Progress on the novel continues apace.
In particular, I’ve reached the point where the action in the novel lines up with action in the failed short story that the novel draws from.
The short story failed because I simply couldn’t cram in all the setup needed, a problem easily solved in novel form—the setup occurs naturally in the body of the novel. As I wrote, I kept in mind the various bits that I needed to set up, and have been making sure to cover them as I went along.
With that done, I’d imagined I’d just about be able to copy whole scenes from the short story into the novel manuscript. Except, that turns out not to work. I tried it this morning, growing my story by about 1600 words, only a couple hundred of which were newly written prose.

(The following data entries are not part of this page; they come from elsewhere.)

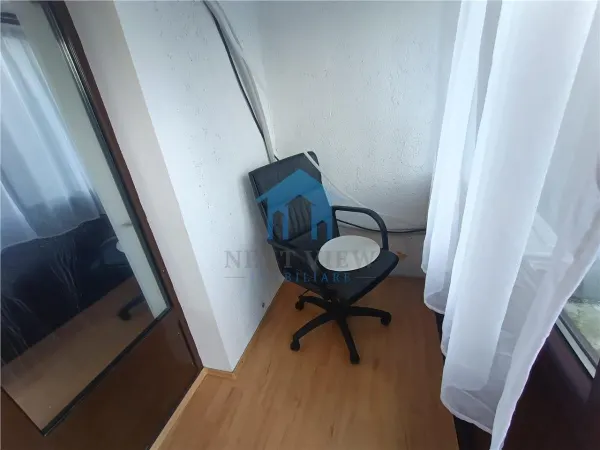 Apartament 1 camera Cluj-Napoca - poza 8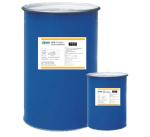 Silicone 1.0Mpa Insulating Glass Two Component PU Sealant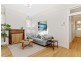 13 Heighway Avenue, Ashfield NSW 2131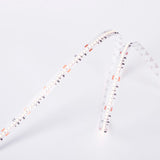 teho-led-nauha-29W-m-24v-3700lm-m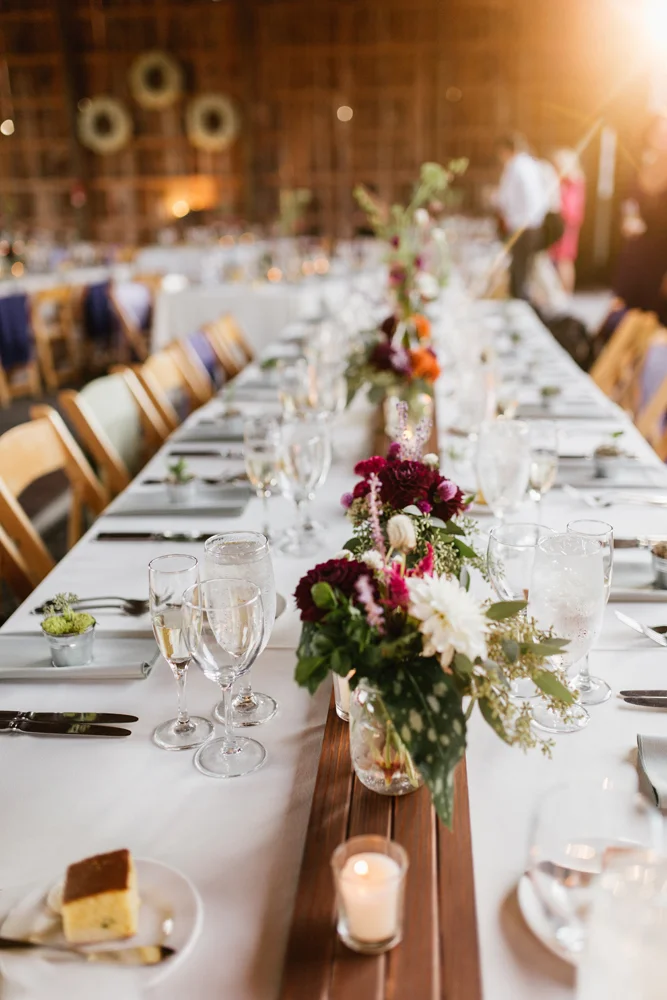 Emily Wren Wedding  - 068.jpg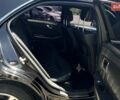 Чорний Мерседес Е-Клас, об'ємом двигуна 2.14 л та пробігом 211 тис. км за 21499 $, фото 28 на Automoto.ua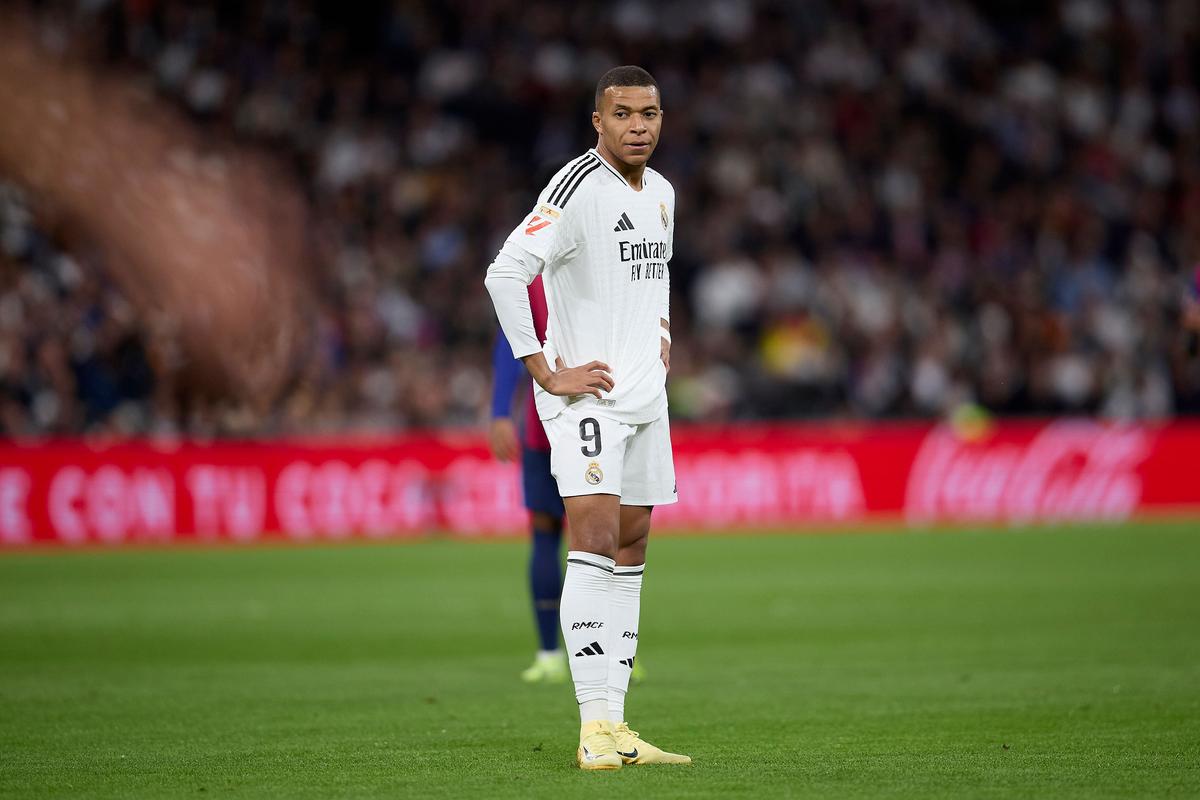 U23国足vs泰国名单出炉 中超球员领衔首发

Part of what’s in these scenes are the failed attempts to provide the setup. Since that setup is now provided (in full scenes of their own, earlier in the manuscript), I need to remove those attempts from these later scenes.
That turns out to be harder than I’d expected. The text I’m working on is near-final draft stuff. I had previously polished every paragraph, every sentence. Everything is all hooked together as smoothly as I could mange. Some things can be removed by just deleting a paragraph, but other things require a complete re-writing. Plus, a lot of things shouldn’t be removed entirely. Rather, the failed attempts to set something up should be replaced with a little call-back to the setup—a little memory-jogger that reminds the reader of what happened many pages ago, so that when it becomes significant, they say, “Oh, yeah. I remember that.”
The upshot is that I have another six thousand words or so ready to go in—but I now see that adding those words will be as hard as writing them would have been. Maybe harder.
After adding three scenes by copying and editing, I’m now thinking that it might be better to just write fresh scenes. (In fact, thinking about the amount of editing that remains to be done on the scenes I added this morning, that’s really starting to seem like a good idea. I’ll try it that way tomorrow.)
As I’ve been writing, Jackie has been working in her media—spinning and weaving mostly. She wove two silk scarves in the past weeks, and spend much of the past couple of days winding a warp for her next weaving project.